Visitors will no longer have to quarantine on arrival, and will soon be free to move around the island country as in pre-pandemic times.
The Indian Ocean nation of the Seychelles is gearing up to relax its border restrictions and welcome tourists from around the world, irrespective of their vaccination status, toward the end of this month. However, a travel ban on travelers from South Africa will remain in place for the time being, due to the more virulent strain of Covid-19 that has emerged there in recent months.
Seychelles’ Minister for Foreign Affairs and Tourism, Sylvestre Radegonde, made the announcement at a press briefing just this morning. From March 25, the sole Covid-related entry requirement will be a negative result through a PCR test conducted within 72 hours of departure; quarantine rules are being dropped (current regulations dictate that incoming travelers must self-isolate at a designated hotel for a week), and no restrictions will be placed on visitor movements upon arrival.
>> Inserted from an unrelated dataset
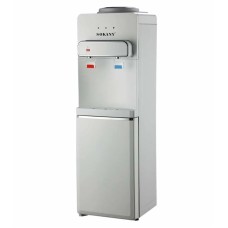 Su üçün dispenser Sokany SK-09002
Hotel guests will also enjoy unfettered access to communal areas of their lodgings, such as swimming pools, bars, spas, and kids’ clubs.
Of course, visitors to the Seychelles are still expected to abide by local public health measures. Face masks must be worn while out and about, social distancing should continue to be practiced, and tourists are advised to regularly wash or sanitize their hands.
Tourism minister Radegonde said relaxing entry requirements was possible because of the Seychelles’ aggressive inoculation campaign launched in January, when the island nation of about 100,000 became the first African country to roll out Covid-19 vaccines. “The government has done everything in its power to make sure that the population is protected,” he told reporters. “We have now arrived at the point where opening our borders further is the next step to allow for our economic recovery. The measures being announced reflect broadly the recommendation of our tourism partners and have been done in full consultation with and the endorsement of our health authorities.”
Thanks to its small population and the speed of its vaccination drive, the Seychelles will arguably become one of the first jurisdictions in the world to reach herd immunity by the middle of March, when 70 percent of residents will have received their jabs.
Seychelles’ tourism ministry says the new border measures will be continuously reviewed to ensure that the health and safety of visitors and the local population are not compromised. More details will soon become available through the updated travel advisory on tourism.gov.sc.